We need batch- and axis-aware versions of common image operations so that videos and volumes can be processed without Python loops over frames/slices. The same APIs should accept the shapes we choose:

  • Single image: (H, W, C)
  • Video / batch of frames: (N, H, W, C) — N frames (or batch size)
  • Volume (3D stack): (D, H, W, C) — D depth slices

The general form is one leading dimension (D or N) + (H, W, C): both (N, H, W, C) and (D, H, W, C) should be supported so that video (N frames) and volume (D slices) are first-class. We may also want an arbitrary batch/axis (e.g. apply along axis 0 for any ndarray). Operations should work on the exact shapes we pass, with no need to reshape or loop in Python.

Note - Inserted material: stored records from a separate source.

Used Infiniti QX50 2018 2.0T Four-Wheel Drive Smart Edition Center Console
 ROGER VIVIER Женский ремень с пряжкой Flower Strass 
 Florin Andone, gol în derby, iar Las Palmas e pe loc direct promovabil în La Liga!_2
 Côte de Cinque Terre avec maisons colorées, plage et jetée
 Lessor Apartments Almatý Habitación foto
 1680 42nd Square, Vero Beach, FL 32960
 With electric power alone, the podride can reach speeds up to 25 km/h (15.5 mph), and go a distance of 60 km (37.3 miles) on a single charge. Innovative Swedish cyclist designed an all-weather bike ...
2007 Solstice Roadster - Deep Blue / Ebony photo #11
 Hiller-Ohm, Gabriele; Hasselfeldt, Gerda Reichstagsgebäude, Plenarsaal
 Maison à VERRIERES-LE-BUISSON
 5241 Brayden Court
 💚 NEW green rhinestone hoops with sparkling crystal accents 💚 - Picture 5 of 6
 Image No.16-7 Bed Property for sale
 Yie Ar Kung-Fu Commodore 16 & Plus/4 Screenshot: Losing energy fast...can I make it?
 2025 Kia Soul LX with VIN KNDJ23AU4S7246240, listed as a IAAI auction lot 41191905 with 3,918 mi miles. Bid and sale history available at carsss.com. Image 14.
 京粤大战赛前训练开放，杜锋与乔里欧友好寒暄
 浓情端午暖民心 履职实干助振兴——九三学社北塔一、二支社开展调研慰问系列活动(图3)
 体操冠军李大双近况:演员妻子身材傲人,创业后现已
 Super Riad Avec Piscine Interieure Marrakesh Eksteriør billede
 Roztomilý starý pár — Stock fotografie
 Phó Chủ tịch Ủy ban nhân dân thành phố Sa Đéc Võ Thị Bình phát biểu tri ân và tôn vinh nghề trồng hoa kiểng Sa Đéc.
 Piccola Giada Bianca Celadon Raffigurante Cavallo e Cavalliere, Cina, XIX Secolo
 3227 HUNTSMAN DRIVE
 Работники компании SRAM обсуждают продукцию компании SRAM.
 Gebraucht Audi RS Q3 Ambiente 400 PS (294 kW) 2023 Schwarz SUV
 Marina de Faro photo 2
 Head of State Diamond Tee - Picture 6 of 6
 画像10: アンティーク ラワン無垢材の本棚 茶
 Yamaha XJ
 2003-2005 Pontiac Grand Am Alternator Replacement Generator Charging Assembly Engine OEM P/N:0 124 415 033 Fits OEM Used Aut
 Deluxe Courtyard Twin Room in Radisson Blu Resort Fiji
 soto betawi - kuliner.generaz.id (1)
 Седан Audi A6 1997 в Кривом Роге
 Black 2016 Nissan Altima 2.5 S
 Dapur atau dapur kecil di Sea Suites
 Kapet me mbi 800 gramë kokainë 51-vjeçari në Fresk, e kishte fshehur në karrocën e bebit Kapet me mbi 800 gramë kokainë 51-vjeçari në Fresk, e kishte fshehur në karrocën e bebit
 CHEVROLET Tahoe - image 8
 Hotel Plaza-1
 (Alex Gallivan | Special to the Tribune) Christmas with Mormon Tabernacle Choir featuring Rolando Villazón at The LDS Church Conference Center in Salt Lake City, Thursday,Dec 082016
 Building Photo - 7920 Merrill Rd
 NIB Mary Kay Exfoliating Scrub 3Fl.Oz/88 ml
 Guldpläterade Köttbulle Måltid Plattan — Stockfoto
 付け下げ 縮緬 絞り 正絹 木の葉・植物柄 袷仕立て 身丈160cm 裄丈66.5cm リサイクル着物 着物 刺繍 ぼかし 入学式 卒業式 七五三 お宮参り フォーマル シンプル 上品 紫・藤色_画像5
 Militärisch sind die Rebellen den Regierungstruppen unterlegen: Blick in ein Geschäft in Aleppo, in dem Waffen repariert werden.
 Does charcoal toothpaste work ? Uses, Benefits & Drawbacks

Critical point: cv2.flip (and similarly other cv2 functions) does not work on videos and volumes: OpenCV expects a single image (H, W, C). For video (N, H, W, C) or volume (D, H, W, C) we must loop over frames/slices in Python, which is slow and prevents using optimized batch paths. We need flip (and all operations below) to accept both shapes—and in general one leading dimension (N or D) + (H, W, C)—so a single call can process the whole array.


Target semantics

  • Input shape: Caller passes an array of shape we want, e.g.:
    • (H, W, C) — single image
    • (N, H, W, C) — N images (video frames or batch)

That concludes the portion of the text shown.